The future of global health is at stake. These 7 pioneers could revolutionize it.

The grand challenges of global health and development, from feeding a warming world to defeating antibiotic resistance, require funding and effort and politics. But they also require breakthroughs.

This story is part of the 2025 Future Perfect 25

Every year, the Future Perfect team curates the undersung activists, organizers, and thinkers who are making the world a better place. This year’s honorees are all keeping progress on global health and development alive. Read more about the project here, and check out the other categories:

Thinkers Movers and Shakers On the Ground

Have ideas for who should be on next year’s list? Email us at futureperfect@vox.com.

In the last hundred years, we’ve made incredible progress fighting malaria, invented game-changing vaccines, and developed new drugs that could change the course on heart disease. But that doesn’t mean we should be satisfied.
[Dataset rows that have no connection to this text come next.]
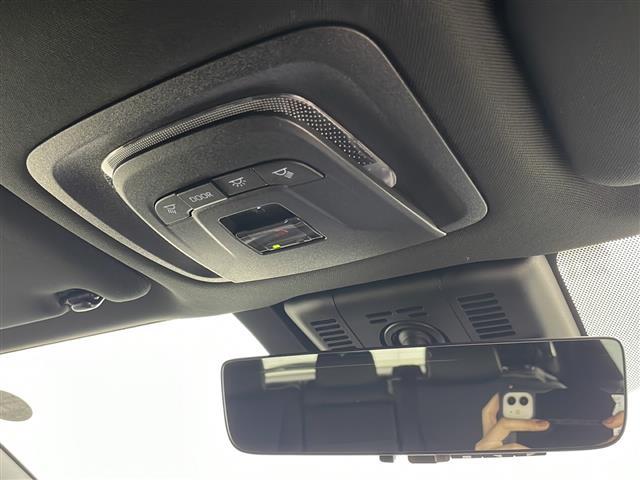 クラウンスポーツ Ｚ　４ＷＤ　全方位カメラ　パワーバックドア　ＨＵＤ　純正ディスプレイオーディオ　レザーシート　パワーシート　シートメモリ　シートヒーター　ベンチレーション　置くだけ充電　ステアリングヒーター（37枚目）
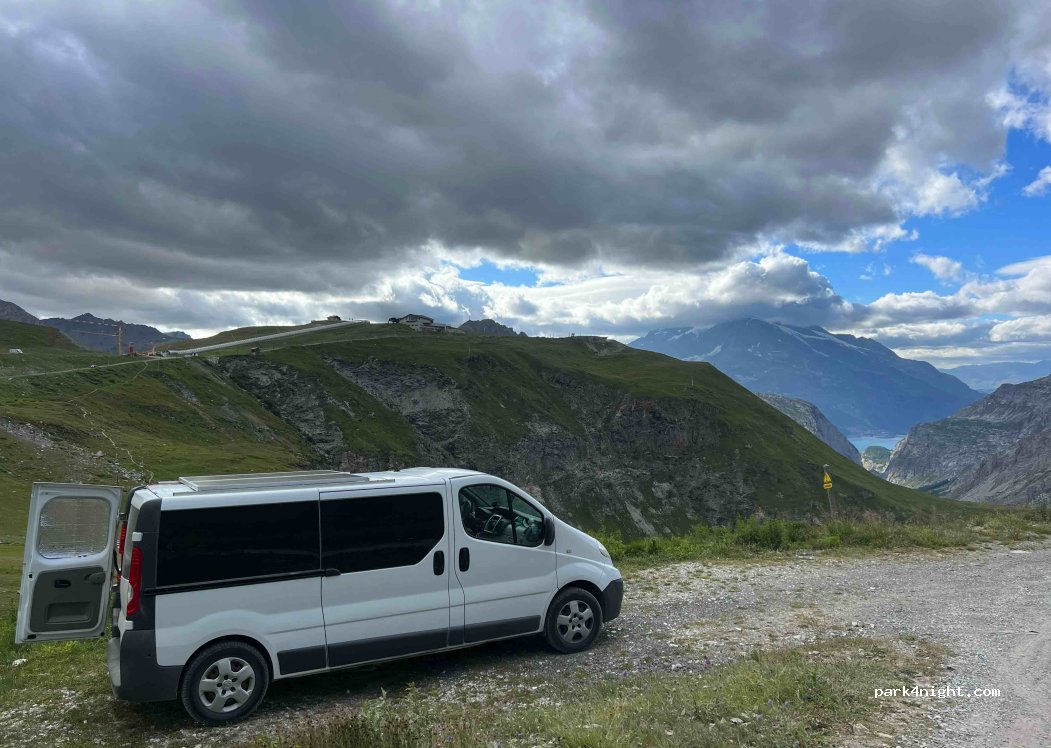 (73150) Val-d'Isère - D902 — foto 2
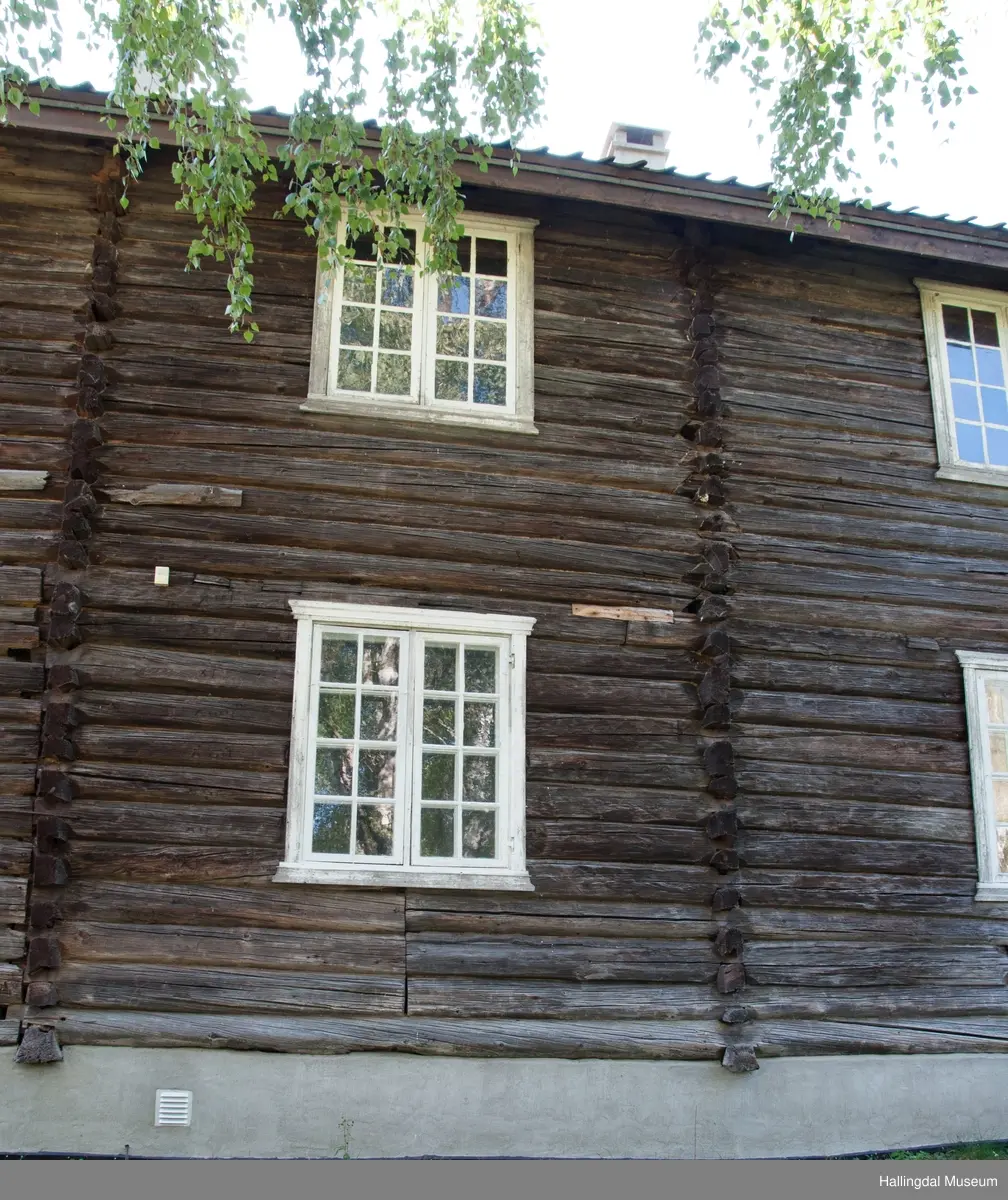 Høvahuset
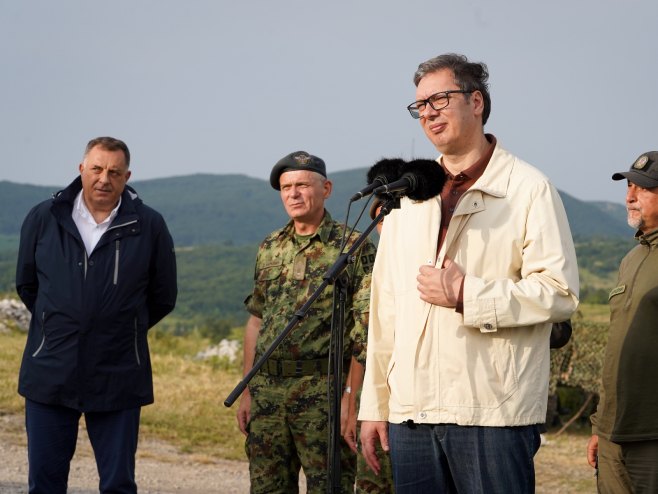 „OGORMNA SU NAŠA ULAGANJA U ARMIJU“ Dodik i Vučić prisutvovali  pokaznom gađanju na Pasuljanske livade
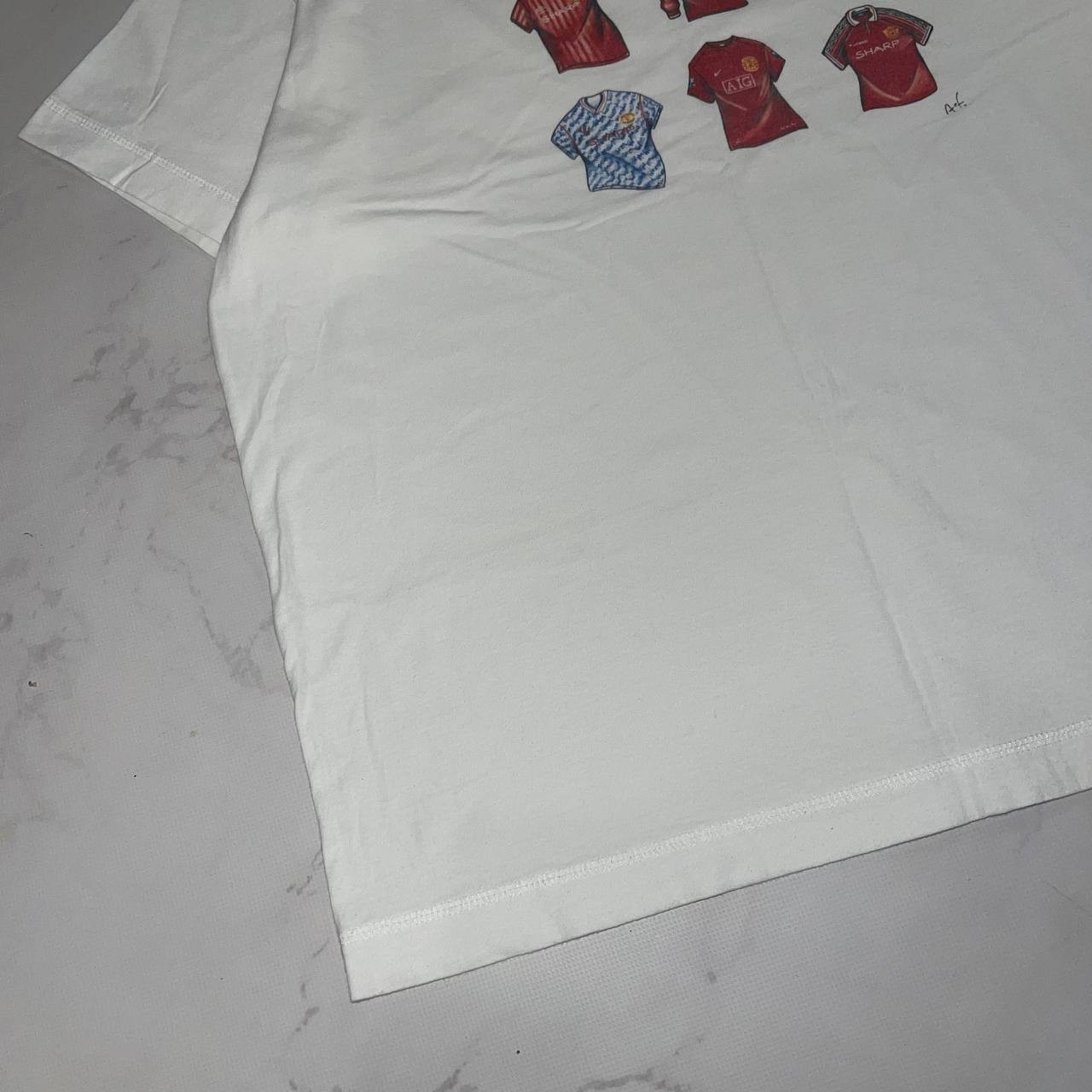 Vintage T-shirt Art Of Football Manchester rare Tee 90's gallery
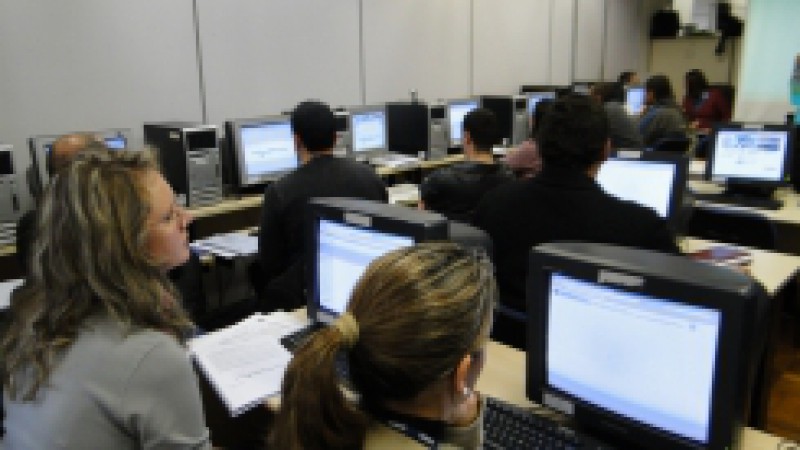 A Superintend&ecirc;ncia dos Servi&ccedil;os Penitenci&aacute;rios (Susepe) realiza, a partir desta segunda-feira (25), com prosseguimento durante a semana, da primeira capacita&ccedil;&atilde;o de servidores penitenci&aacute;rios para o novo sistema Infopen RS. O objetivo &eacute; modernizar a atual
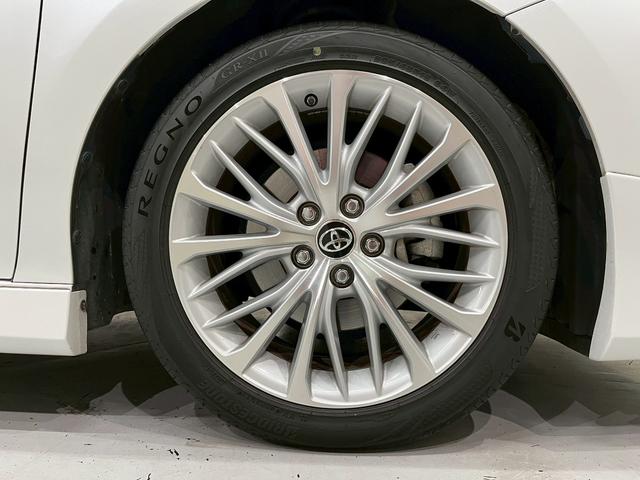 カムリ Ｇレザーパッケージ　ワンオーナー　ＴＲＤフルエアロ　トランクスポイラー　ＬＥＤヘッドライト　純正ＡＷ　純正ナビ　フルセグＴＶ　ＢＴ接続　バックカメラ　革シート　パワーシート　シートヒーター　置くだけ充電　ドラレコ　ＥＴＣ（64枚目）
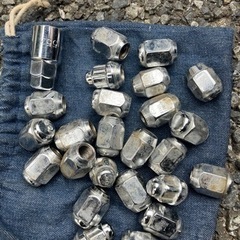 ハイエース　スタッドレスタイヤ　GOODYEAR ICE NAVI  CARGO 195/80R15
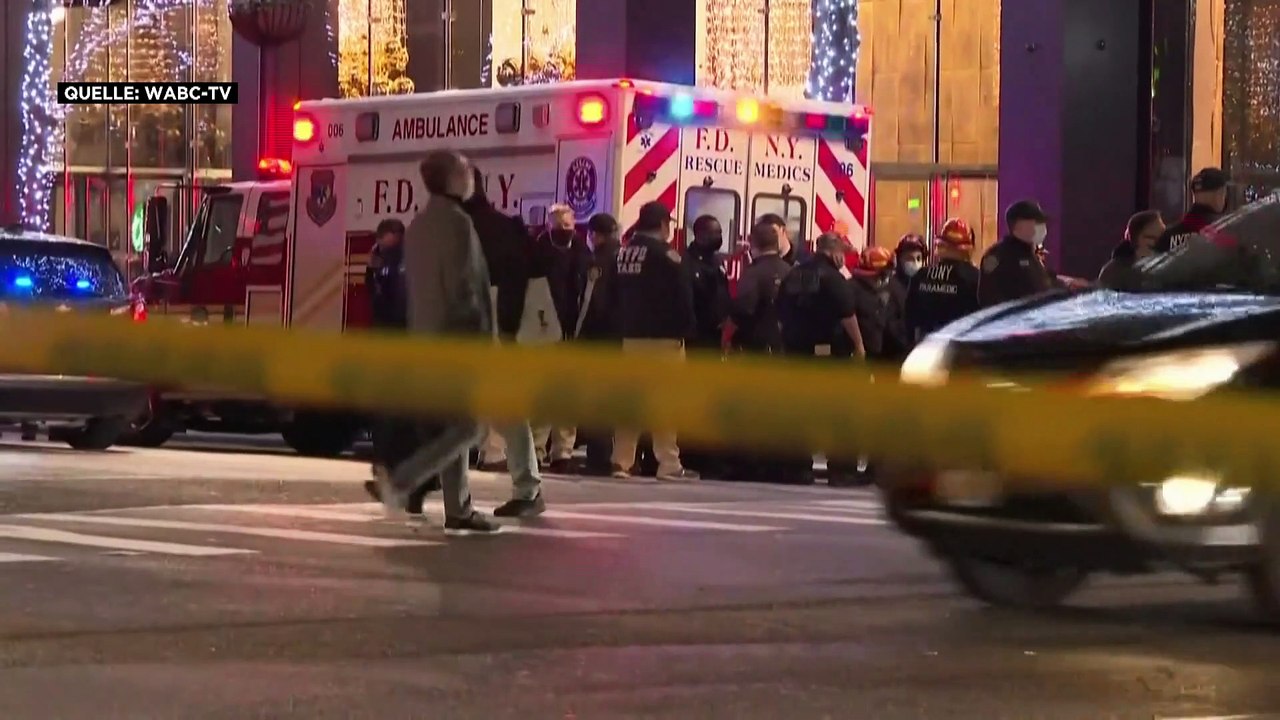 Trauer in Manhattan: Pkw-Fahrerin rast in Demonstration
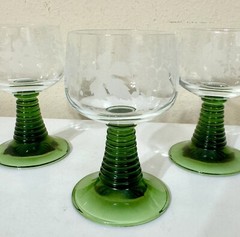 3 French Luminarc Ribbed Beehive Stem Wine Glass Flower Floral 4.25” Vintage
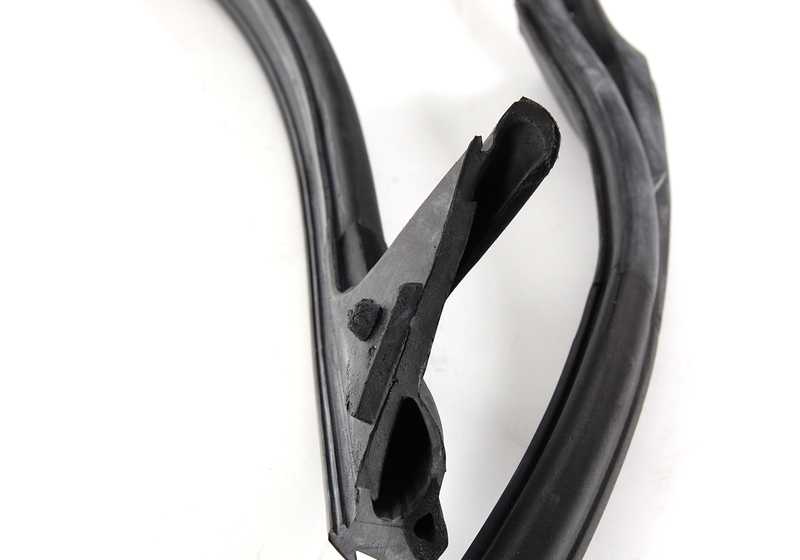 Junta izquierda OEM 51711970501 para BMW E31 {840Ci, 840i, 850CSi}. Original BMW.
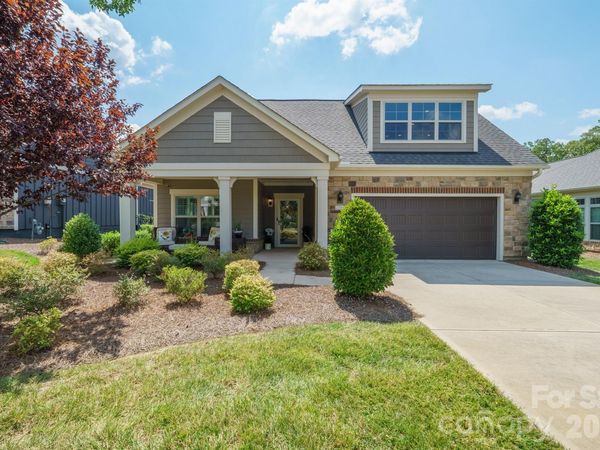2205 Lincolnshire Lane, Waxhaw, NC 28173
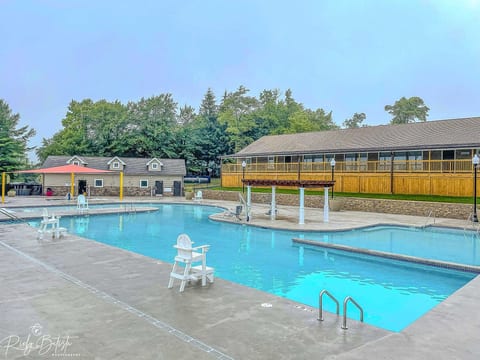 ☀️ Make a splash all summer long! Enjoy the seasonal community pool—perfect for cooling off, relaxing, or making family memories.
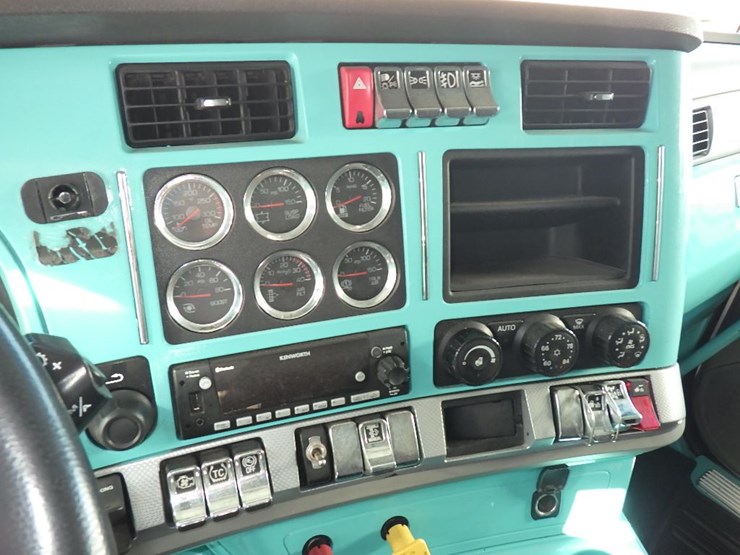 2021-kenworth-t680-image-21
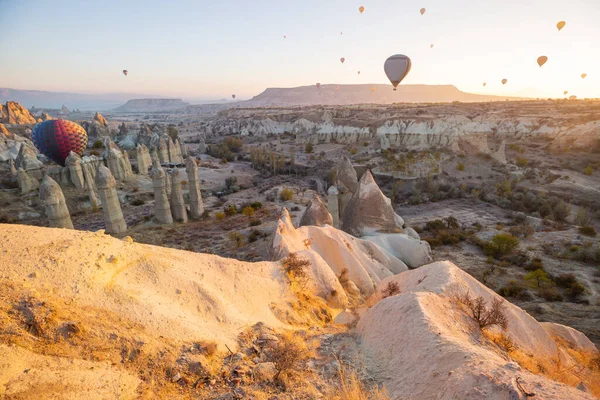 Barevné Horkovzdušné Balóny Národním Parku Goreme Cappadocia Turecko Slavná Turistická — Stock fotografie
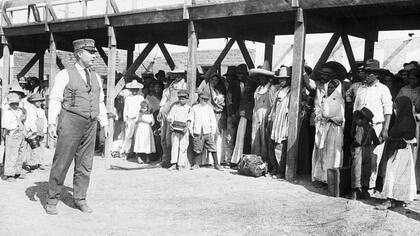Las inspecciones y requerimientos en la frontera entre EE.UU. y México en El Paso se endurecieron a partir de 1916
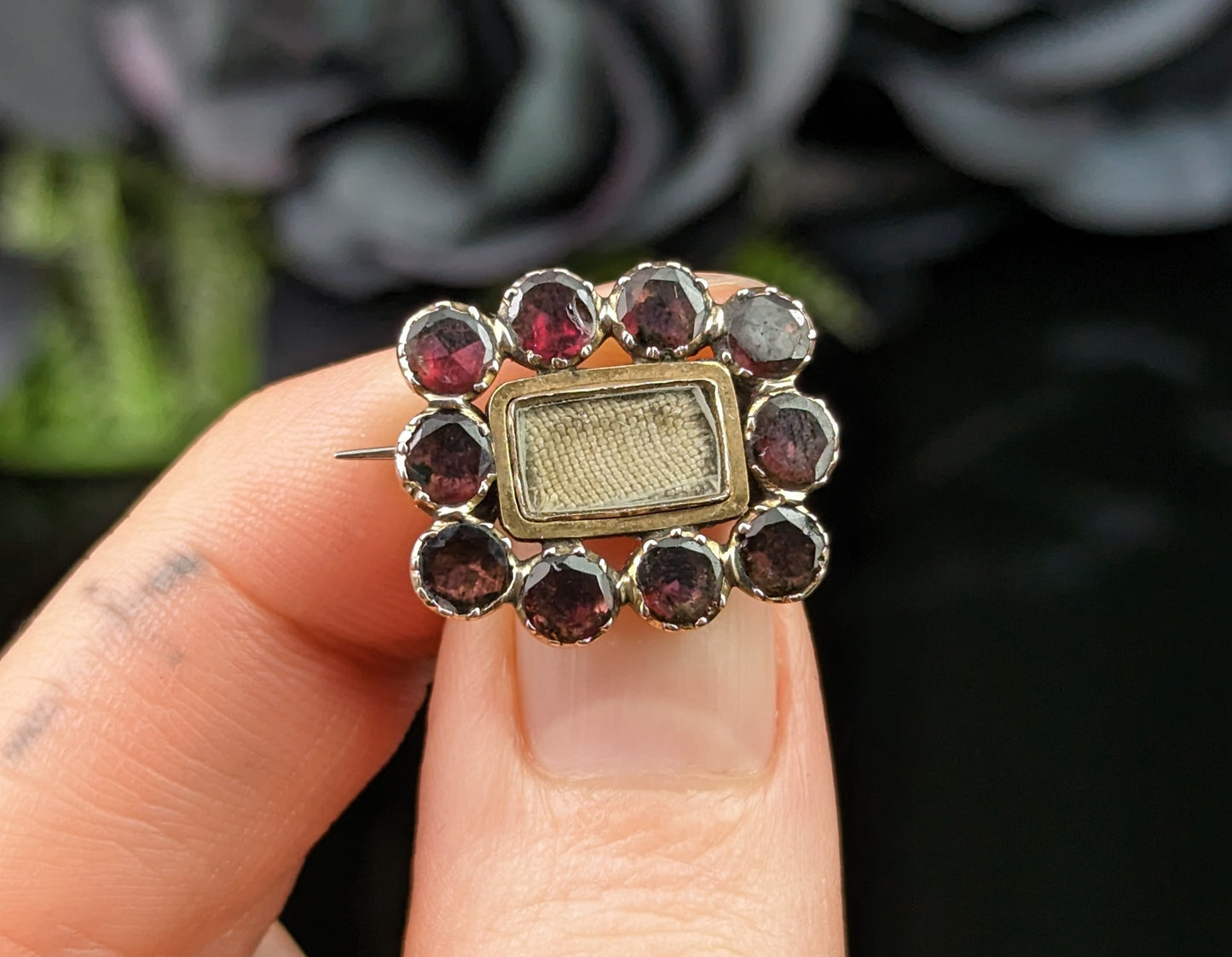 Antique Victorian mourning brooch, 9ct gold, Flat cut Garnet, Lace pin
There’s still plenty of work to be done, and it’s all the more important in light of the worldwide retreat of foreign aid.

This year’s class of innovators are the scientists, technologists, and entrepreneurs who understand that real progress demands radical new tools. They’re engineering microbes to clean up pollution, resurrecting ancient antibiotics with the help of AI, and building entirely new platforms for vaccine production in the Global South.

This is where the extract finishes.